Of course, some of our issues could be endemic to Greece and Turkey. Airbnb and even booking sites like Booking.com are foreign concepts to which people all over the world are adapting. Perhaps as for Victor, it's not easy to understand and subscribe to an inherently impersonal system that emphasizes rules and procedures over personal relationships. Perhaps in the warm-blooded Mediterranean region, a strictly transitional relationship feels cold and perhaps can't be trusted. When we booked our hotels and guest houses in Turkey nine years ago, we always had emails back and forth with the hotel owner or staff. There was some degree of interpersonal communication. One of our worst stays of our year of travel was in Crete where we used HotelClub.com for the booking instead of selecting from The Lonely Planet and emailing or calling to make our reservation.

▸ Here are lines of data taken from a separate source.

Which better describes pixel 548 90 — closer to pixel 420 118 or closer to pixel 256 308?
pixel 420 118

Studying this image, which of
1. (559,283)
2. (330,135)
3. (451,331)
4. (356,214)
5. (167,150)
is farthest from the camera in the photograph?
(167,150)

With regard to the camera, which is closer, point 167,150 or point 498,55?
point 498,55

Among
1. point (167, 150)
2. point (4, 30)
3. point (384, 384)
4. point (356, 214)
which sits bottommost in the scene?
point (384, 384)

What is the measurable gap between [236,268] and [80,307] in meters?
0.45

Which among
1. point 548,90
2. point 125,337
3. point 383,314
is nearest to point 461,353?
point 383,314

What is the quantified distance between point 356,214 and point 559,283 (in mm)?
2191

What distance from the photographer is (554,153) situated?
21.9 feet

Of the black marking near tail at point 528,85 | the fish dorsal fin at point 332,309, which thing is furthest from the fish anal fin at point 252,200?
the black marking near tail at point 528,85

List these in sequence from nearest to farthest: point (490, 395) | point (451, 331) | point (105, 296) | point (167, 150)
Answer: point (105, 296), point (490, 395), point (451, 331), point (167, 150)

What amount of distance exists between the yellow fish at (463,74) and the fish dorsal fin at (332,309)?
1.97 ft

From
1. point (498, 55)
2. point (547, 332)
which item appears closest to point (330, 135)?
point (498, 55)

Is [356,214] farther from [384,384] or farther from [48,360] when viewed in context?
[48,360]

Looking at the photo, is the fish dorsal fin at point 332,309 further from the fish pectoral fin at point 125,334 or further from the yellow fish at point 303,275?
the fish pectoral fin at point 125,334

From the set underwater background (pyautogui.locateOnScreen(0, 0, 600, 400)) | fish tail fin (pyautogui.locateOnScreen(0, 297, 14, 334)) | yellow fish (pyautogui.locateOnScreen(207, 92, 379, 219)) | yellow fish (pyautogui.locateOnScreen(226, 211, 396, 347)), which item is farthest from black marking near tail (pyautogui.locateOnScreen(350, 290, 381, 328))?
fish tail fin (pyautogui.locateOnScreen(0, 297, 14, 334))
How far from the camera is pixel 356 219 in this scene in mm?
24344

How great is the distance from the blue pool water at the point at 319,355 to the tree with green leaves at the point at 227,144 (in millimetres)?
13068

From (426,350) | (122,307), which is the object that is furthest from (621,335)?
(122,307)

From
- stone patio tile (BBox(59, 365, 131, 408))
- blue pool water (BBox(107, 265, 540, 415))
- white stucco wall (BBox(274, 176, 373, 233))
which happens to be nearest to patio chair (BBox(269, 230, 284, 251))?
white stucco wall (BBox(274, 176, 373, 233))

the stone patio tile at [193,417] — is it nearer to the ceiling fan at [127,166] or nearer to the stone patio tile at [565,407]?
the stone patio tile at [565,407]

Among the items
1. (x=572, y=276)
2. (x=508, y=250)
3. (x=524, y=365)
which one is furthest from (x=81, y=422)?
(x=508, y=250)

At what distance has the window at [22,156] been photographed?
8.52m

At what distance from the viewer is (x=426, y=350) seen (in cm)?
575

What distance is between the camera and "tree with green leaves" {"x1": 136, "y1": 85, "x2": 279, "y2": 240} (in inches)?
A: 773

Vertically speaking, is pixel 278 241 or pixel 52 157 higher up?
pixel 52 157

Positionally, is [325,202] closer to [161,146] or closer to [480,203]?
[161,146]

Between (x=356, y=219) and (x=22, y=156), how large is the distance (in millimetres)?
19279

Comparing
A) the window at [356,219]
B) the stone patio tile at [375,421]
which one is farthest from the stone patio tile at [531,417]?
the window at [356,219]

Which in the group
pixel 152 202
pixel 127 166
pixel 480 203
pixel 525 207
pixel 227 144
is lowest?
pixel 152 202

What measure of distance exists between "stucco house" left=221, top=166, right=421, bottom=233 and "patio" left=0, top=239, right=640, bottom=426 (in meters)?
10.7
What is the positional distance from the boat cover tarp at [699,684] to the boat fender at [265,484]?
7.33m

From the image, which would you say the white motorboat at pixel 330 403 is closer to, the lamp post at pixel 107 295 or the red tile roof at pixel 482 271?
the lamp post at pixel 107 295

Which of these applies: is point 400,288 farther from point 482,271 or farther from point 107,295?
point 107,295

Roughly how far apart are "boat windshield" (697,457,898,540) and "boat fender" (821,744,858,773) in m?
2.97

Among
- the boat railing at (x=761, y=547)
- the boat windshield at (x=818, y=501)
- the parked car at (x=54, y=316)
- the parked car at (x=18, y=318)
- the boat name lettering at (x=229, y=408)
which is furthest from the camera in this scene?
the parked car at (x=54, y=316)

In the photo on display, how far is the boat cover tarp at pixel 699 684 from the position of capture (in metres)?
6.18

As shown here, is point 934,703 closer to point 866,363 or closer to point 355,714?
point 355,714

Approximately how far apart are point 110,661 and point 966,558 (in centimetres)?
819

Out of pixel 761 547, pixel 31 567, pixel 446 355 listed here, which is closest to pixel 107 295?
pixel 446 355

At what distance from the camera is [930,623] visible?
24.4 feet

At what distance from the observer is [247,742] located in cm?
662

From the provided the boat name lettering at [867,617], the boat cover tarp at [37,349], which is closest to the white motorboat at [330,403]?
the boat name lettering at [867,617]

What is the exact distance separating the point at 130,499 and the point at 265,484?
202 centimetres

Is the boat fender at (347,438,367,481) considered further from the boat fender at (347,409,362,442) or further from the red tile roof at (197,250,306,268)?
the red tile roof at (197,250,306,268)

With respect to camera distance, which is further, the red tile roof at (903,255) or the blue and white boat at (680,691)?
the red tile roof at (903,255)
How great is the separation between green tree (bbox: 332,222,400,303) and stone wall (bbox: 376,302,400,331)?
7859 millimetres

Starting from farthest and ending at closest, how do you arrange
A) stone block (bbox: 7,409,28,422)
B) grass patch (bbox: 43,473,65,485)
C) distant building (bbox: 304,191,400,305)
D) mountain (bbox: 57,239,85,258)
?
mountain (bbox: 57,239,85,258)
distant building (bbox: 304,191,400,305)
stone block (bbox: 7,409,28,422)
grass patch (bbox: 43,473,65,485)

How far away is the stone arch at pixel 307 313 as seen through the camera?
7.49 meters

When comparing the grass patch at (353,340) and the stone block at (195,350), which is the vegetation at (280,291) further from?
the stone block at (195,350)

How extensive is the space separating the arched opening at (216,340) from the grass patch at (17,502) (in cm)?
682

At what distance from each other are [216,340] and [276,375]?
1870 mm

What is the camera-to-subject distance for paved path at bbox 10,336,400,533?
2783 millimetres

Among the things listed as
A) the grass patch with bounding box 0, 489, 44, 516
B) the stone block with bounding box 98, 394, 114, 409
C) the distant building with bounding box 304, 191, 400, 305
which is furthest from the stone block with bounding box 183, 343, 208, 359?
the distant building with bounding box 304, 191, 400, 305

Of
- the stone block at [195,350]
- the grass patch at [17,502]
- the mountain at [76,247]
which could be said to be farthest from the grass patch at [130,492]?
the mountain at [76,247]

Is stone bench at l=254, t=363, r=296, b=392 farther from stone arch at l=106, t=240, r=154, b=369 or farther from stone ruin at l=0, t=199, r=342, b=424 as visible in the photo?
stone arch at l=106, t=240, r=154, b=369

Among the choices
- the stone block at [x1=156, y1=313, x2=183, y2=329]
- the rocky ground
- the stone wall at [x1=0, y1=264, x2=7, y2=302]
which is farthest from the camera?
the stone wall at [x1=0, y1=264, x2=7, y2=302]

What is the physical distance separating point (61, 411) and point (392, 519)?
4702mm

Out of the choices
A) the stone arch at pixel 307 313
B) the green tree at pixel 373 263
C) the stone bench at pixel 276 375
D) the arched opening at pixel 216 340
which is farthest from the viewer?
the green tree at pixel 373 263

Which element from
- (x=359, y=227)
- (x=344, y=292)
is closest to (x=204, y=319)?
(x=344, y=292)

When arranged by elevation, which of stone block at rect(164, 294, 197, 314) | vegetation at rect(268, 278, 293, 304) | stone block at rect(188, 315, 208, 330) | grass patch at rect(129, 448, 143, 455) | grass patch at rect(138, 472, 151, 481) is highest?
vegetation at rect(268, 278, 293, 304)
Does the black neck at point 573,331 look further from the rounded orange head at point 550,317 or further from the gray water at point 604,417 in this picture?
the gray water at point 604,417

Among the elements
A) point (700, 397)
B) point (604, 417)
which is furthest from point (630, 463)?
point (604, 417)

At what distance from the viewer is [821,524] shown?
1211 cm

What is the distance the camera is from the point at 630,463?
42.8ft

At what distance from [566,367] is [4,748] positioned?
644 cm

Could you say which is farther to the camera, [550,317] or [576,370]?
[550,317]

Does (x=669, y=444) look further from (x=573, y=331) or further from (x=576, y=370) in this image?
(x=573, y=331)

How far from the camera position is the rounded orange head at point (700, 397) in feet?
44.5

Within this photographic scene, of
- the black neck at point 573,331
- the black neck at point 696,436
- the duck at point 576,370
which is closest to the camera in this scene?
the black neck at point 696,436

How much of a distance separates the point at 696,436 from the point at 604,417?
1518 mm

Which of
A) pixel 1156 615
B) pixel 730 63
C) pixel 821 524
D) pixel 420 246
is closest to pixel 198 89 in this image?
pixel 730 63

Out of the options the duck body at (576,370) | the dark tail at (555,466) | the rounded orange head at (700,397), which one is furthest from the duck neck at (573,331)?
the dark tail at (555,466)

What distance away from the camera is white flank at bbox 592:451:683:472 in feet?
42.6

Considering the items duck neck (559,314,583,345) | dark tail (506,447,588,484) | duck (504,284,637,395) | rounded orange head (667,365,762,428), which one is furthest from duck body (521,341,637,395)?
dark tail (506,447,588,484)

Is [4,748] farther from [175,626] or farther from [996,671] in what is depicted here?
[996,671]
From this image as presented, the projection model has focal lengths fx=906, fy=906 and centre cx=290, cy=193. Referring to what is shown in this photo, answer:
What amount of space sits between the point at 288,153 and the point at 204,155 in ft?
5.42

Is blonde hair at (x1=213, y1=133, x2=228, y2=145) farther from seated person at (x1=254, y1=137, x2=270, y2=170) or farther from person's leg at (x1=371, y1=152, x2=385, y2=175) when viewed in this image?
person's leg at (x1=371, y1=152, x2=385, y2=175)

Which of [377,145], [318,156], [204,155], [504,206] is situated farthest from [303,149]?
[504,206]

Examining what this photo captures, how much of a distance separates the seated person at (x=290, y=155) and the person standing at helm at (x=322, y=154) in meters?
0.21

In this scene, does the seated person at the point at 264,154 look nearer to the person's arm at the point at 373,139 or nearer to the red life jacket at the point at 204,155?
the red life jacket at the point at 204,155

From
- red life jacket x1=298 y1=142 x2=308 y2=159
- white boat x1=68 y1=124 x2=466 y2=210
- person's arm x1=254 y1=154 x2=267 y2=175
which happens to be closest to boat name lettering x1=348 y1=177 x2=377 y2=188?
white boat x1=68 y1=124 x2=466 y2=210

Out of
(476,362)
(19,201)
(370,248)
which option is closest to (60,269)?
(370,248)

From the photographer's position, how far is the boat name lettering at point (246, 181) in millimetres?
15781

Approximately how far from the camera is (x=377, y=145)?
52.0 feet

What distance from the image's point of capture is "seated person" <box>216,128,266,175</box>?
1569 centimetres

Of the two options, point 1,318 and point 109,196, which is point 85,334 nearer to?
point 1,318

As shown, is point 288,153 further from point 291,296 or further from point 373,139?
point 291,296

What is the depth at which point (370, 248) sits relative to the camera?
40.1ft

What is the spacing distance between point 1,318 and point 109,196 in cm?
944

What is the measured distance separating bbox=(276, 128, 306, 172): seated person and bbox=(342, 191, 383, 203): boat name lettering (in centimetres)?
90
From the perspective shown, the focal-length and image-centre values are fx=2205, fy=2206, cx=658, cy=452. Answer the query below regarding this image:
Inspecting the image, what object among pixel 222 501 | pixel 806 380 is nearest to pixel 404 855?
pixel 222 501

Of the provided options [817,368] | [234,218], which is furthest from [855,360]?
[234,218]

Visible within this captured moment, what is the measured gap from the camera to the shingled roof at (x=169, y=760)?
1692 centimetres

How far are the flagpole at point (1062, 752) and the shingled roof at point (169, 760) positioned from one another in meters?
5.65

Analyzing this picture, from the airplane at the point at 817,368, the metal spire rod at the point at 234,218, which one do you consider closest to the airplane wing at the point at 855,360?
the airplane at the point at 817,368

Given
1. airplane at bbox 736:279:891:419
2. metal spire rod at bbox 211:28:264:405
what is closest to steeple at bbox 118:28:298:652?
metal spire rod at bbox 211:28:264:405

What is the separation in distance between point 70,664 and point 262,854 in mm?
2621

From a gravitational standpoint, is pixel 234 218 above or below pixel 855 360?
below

Or the whole thing could be coincidence. We just finally ran into a couple of hosts/hotel owners that weren't as easy to deal with as others. We broke our lucky streak. Who knows?

Still, I suspect that as the world becomes more digital and user-driven content and reviews become the marketing capital of the hospitality industry, expectations will change. There may well be a greater divide between establishments like the beautiful and comfortable David Citadel where we stayed in Jerusalem with its focus on providing top-end luxury for a curated experience and the bring-your-own-toilet-paper (BYOTP) world of average travel. Eventually the confused Victors will age-out of the system and generations of app-native, apartment-renting micro-entrepreneurs will comprise much, if not most of the hospitality industry.